Median (range) CD19+ B cell purity was 93.8 (84.8-98.5) %, with CD19+ B cell purity > 90% in 19/20 cases. Median (interquartile range) percentage surface expression of CD38 and CTLA-4 was 8.36 (26.45) % and 43.32 (50.22) % respectively. Median (range, interquartile range) ∆CT gene expression levels of CCND1, CTLA-4, LEF1 and STAT3 were 11.89 (1.81), 4.79 (2.35), 4.82 (0.89) and 9.12 (0.75) respectively. Gene expression of LEF1 showed significant positive correlations with gene expression levels of CTLA-4 (rs=0.572, p=0.008), CCND1 (rs=0.61, p=0.004) and STAT3 (rs=0.587, p=0.006). There was also a significant positive correlation between gene expression of CCND1 and of STAT3 (rs =0.486, p=0.03). No significant correlations were found between percentage surface expression of CTLA-4 and gene expression levels of either CTLA-4 or of LEF1. Although we found a negative correlation between percentage surface expression of CTLA-4 and CD38, this was not statistically significant.
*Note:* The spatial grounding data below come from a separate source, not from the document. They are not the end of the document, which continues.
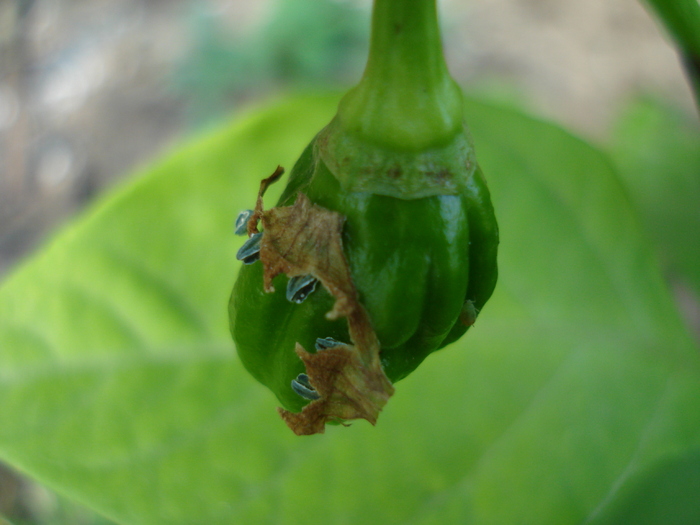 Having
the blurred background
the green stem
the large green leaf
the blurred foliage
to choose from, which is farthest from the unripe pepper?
the blurred foliage

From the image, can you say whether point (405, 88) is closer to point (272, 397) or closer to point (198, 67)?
point (272, 397)

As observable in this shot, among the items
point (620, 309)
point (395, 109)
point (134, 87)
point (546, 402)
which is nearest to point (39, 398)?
point (395, 109)

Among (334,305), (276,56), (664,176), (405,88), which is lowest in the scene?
(664,176)

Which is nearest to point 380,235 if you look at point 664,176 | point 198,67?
point 664,176

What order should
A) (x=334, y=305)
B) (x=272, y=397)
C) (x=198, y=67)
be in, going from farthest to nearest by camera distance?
(x=198, y=67)
(x=272, y=397)
(x=334, y=305)

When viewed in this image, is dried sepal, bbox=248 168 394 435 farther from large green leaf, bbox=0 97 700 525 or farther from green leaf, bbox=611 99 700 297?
green leaf, bbox=611 99 700 297

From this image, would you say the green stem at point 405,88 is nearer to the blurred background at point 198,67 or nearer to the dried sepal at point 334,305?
the dried sepal at point 334,305

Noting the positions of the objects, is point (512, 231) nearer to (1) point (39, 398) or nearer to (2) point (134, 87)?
(1) point (39, 398) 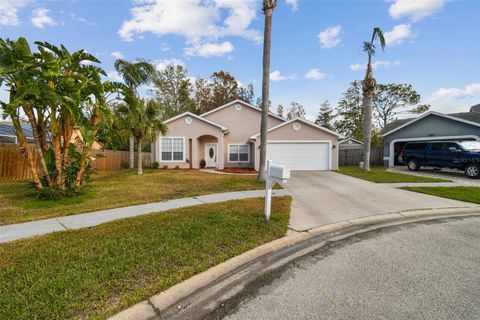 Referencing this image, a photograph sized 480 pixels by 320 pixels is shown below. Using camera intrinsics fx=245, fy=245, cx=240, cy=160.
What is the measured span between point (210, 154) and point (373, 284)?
18485 millimetres

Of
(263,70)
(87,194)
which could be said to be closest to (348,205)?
(263,70)

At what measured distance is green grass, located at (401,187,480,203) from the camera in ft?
26.6

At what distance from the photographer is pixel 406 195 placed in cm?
872

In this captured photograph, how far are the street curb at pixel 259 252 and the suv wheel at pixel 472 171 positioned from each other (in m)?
8.55

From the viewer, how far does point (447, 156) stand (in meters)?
14.7

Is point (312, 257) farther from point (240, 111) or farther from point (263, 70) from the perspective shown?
point (240, 111)

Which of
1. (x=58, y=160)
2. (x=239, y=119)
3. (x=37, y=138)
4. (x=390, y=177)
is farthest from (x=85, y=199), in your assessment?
(x=239, y=119)

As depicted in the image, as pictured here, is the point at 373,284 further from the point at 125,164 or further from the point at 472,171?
the point at 125,164

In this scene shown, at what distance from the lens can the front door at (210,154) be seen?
2091 centimetres

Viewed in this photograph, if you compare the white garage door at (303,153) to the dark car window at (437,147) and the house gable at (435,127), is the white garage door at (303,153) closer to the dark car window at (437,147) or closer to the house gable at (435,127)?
the dark car window at (437,147)

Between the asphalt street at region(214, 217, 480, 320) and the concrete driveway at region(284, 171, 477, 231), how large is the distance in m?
1.38

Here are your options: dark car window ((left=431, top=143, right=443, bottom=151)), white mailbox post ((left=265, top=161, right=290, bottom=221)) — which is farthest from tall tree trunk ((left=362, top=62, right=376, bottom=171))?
white mailbox post ((left=265, top=161, right=290, bottom=221))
Comparing untreated and previously treated patients or comparing patients with poor risk cytogenetics (17p or 11q deletions: n = 6) to those without, there was no significant difference in gene expression levels of CTLA-4, CCND1, LEF1 and STAT3 or in surface expression of CTLA-4 and CD38.
The Wnt signalling pathway has been shown to be activated in CLL cells and uncontrolled Wnt/β-catenin signalling contributes to defective apoptosis in CLL . Importantly, Wnt pathway activation leads to upregulation of β-catenin and subsequently LEF1 activation, which is markedly overexpressed in CLL compared to normal B cells  and appears to play an essential role in the leukaemogenesis of CLL . Furthermore, cyclin D1, a downstream target of LEF-1, is overexpressed in CLL. Targeting of LEF-1 has been shown to induce apoptosis in CLL cells both in vitro and in vivo .
In CLL, CTLA-4 expression is higher on the leukemic cells that on their normal B cell counterparts. A recent study has shown that CTLA-4 inhibits the proliferation/survival of CLL cells via regulation of the expression/activation of STAT1, NFATC2, Fos, Myc and Bcl-2  and CTLA-4 blockade induces pro-survival signals in leukemic cells from CLL patients exhibiting high CTLA-4 expression . However, CTLA-4 expression was also found to be the most highly induced gene following treatment with recombinant Wnt-3a in melanoma cell lines and CTLA-4 expression appeared to be directly regulated by the Wnt/β-catenin pathway as the β-catenin responsiveness of CTLA-4 promoter region required a T-cell factor-1/LEF-1 consensus site . In our study, CTLA-4 and LEF-1 gene expression levels were strongly correlated, suggesting that CTLA-4 expression in CLL may well also be a direct target of Wnt/β-catenin signalling. Although the relationship between CTLA-4 and the Wnt/β-catenin pathway in CLL requires further study, the findings of this study suggest that targeting of the Wnt/β-catenin pathway in CLL may result in unwanted effects on CTLA-4 expression and function.
This research did not receive any specific grant from funding agencies in the public, commercial, or not-for-profit sectors.